One key important feature of Spark is that it features data *transformations* and *actions*. *Transformations* are executed "lazily," e.g. because they do not immediately require an output, Spark will wait until there is an action (requiring an output) to perform the transformation(s)+action, which optimizes its performance.
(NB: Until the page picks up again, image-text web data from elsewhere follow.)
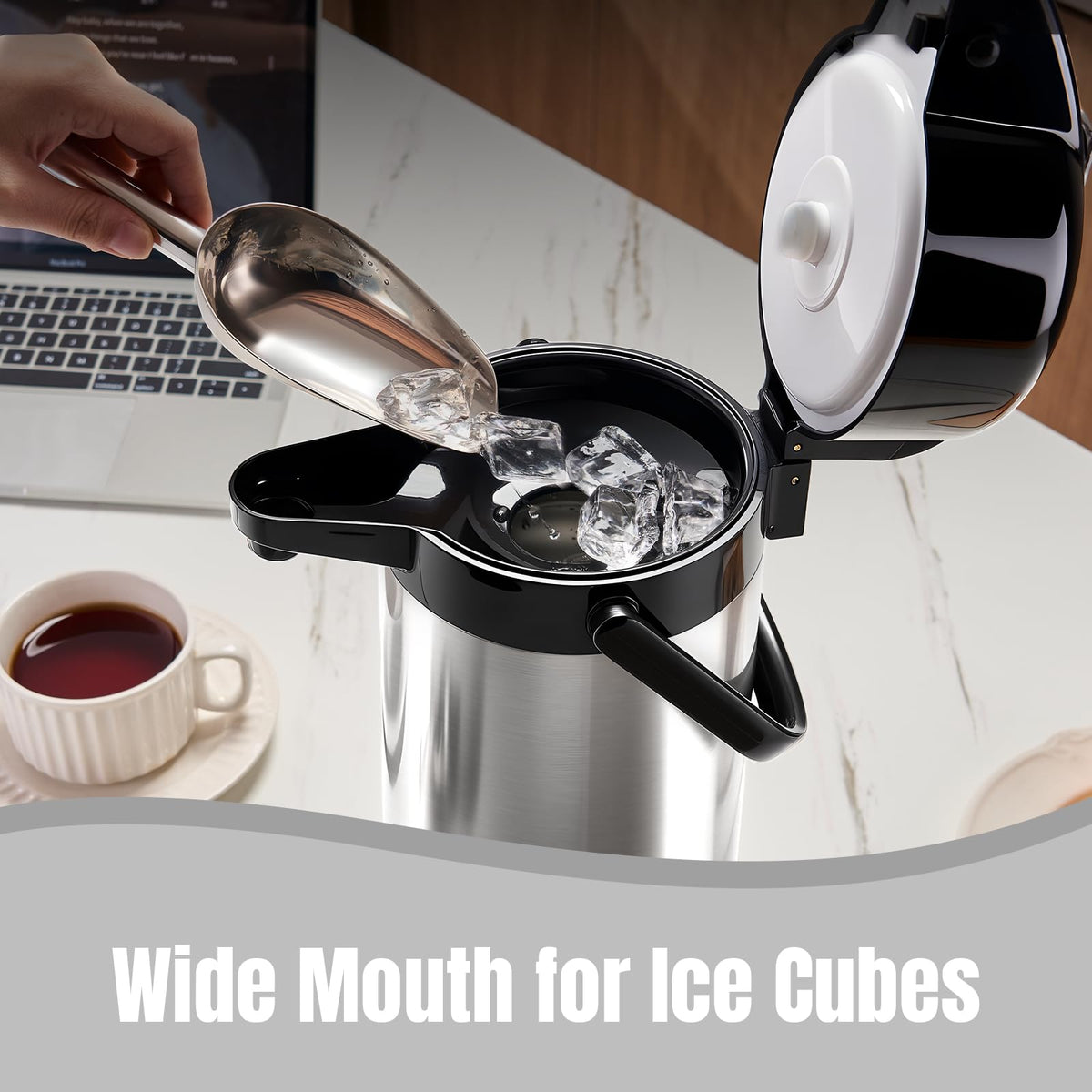 Coffee Carafe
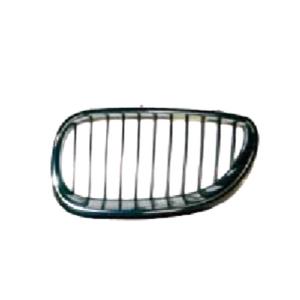 Bouclier grille gauche pour BMW SERIE 5 E60 E61 de 2003 à 2007, Neuf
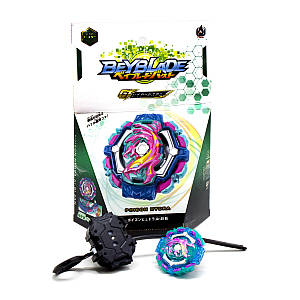 Бейблейд BeybladeB Отруйна Гідра Flame B147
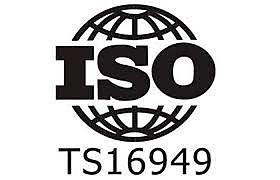 NORMAS ISO PARA EL SECTOR AUTOMOTRIZ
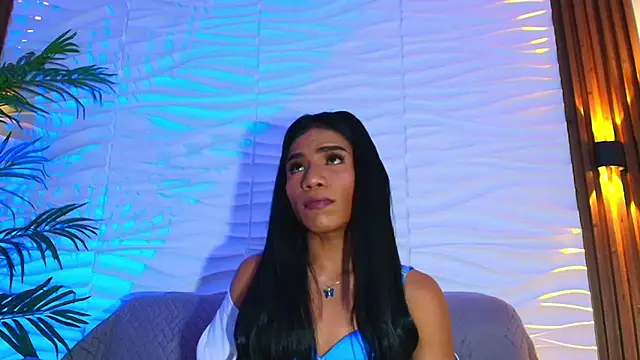 kimberly Gonzalez1 online show from 24, 10, 2025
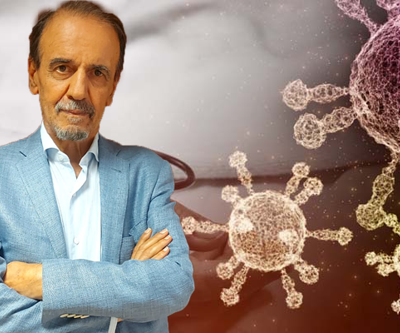 Covid vakalarında son durum ne Mehmet Ceyhan oran verdi...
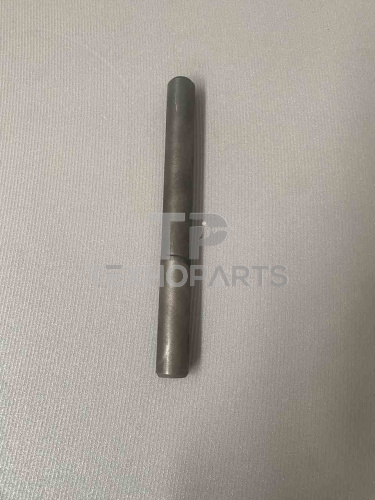 Палец стопорный нижней втулки в комплекте (кольцо, заглушка) BR1650SA/H/S56-2 Black Rock для спецтехники 
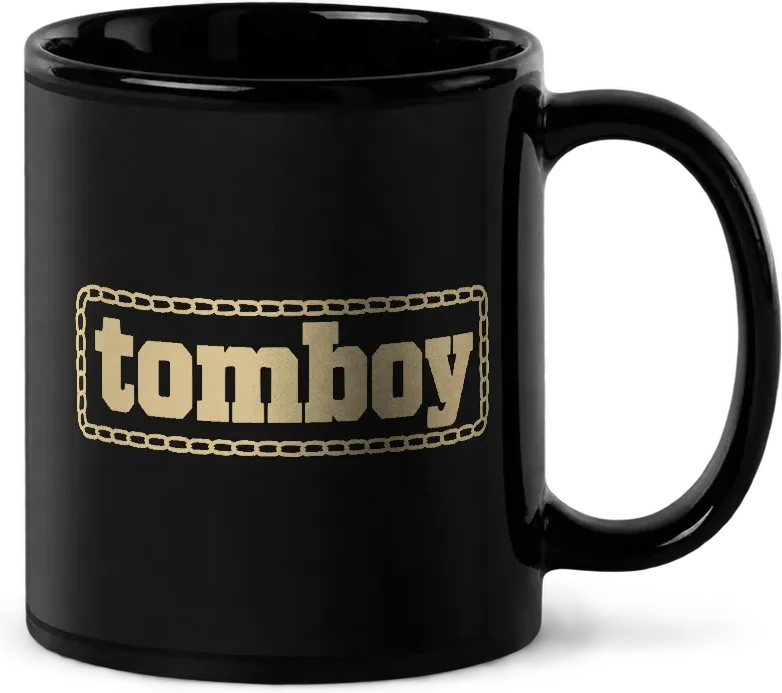 tomboy v2-mug front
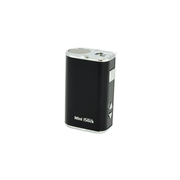 Eleaf Mini iStick 10W box mod in Black, featuring a compact design and adjustable power for convenient vaping.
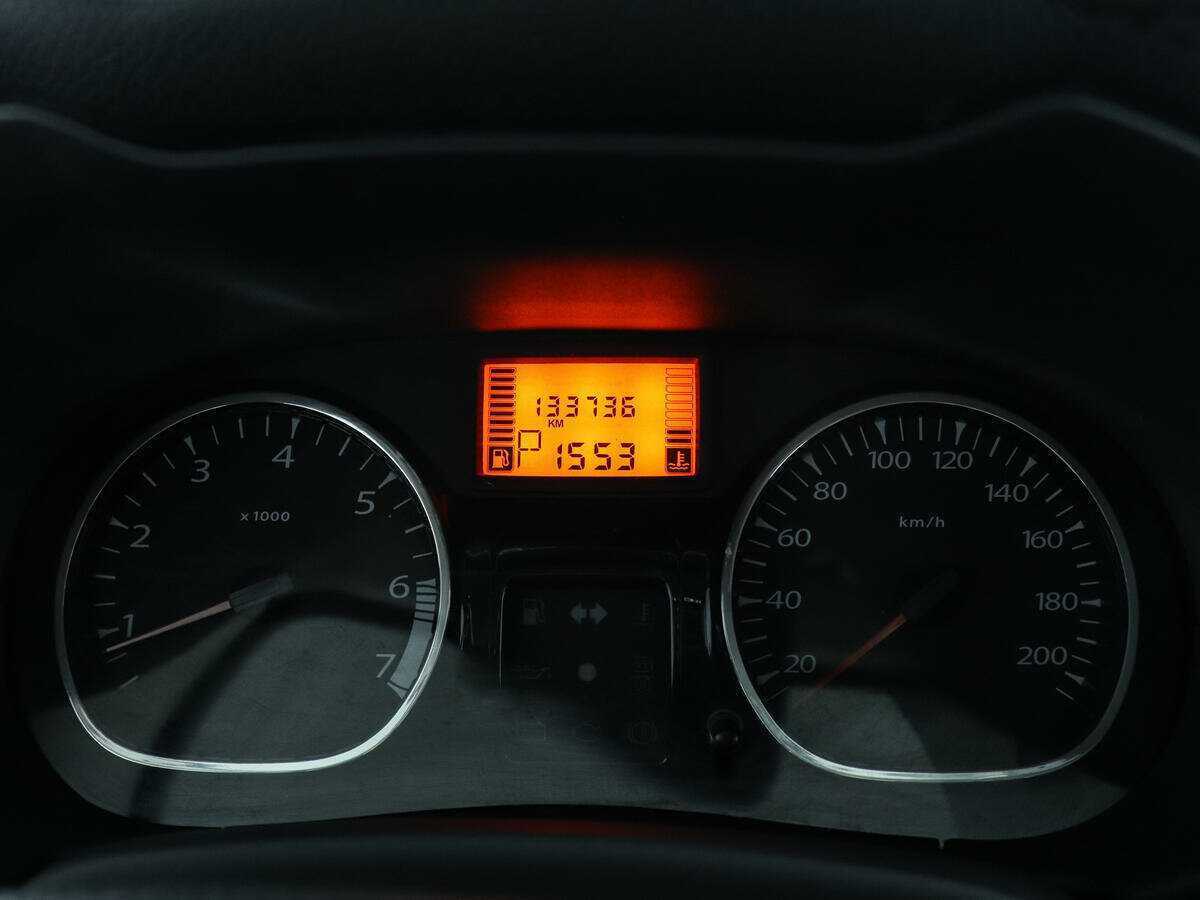 Купить Renault Duster, 2013, 133 734 км, фото №7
You can get pyspark by running the following -- **note, however, that pyspark is insufficient to set up a standalone spark cluster**.
```bash
pip3 install pyspark
```

Otherwise, you should go to the Apache Spark website and download one of the latest versions (as a tgz), and unzip it in your home directory.

Note that you will have to make sure you have downloaded the Java Development Kit (JDK), e.g. here: https://www.oracle.com/java/technologies/javase/javase-jdk8-downloads.html.
(Note that we are installing JDK 8, because Spark 2.x apparently does not work with Java versions >8.)

Add the following to your `.bash_profile` script:

```bash
export JAVA_HOME=$(/usr/libexec/java_home)
export PATH=$HOME/spark-3.1.2-bin-hadoop3.2/bin:$PATH
export PYSPARK_PYTHON=python3
```

Then you can use the command-line interface simply by typing:
```bash
pyspark
```

Some More Concepts:
========

 - **Wide vs narrow Transformations**: A wide transformation is one that occurs across multiple nodes of a spark cluster, e.g. `orderBy` or `groupBy`. Narrow transformations include e.g. `filter` and `contains` (applied to individual rows). Wide transformations must be used carefully, because they incur a fairly hefty time penalty.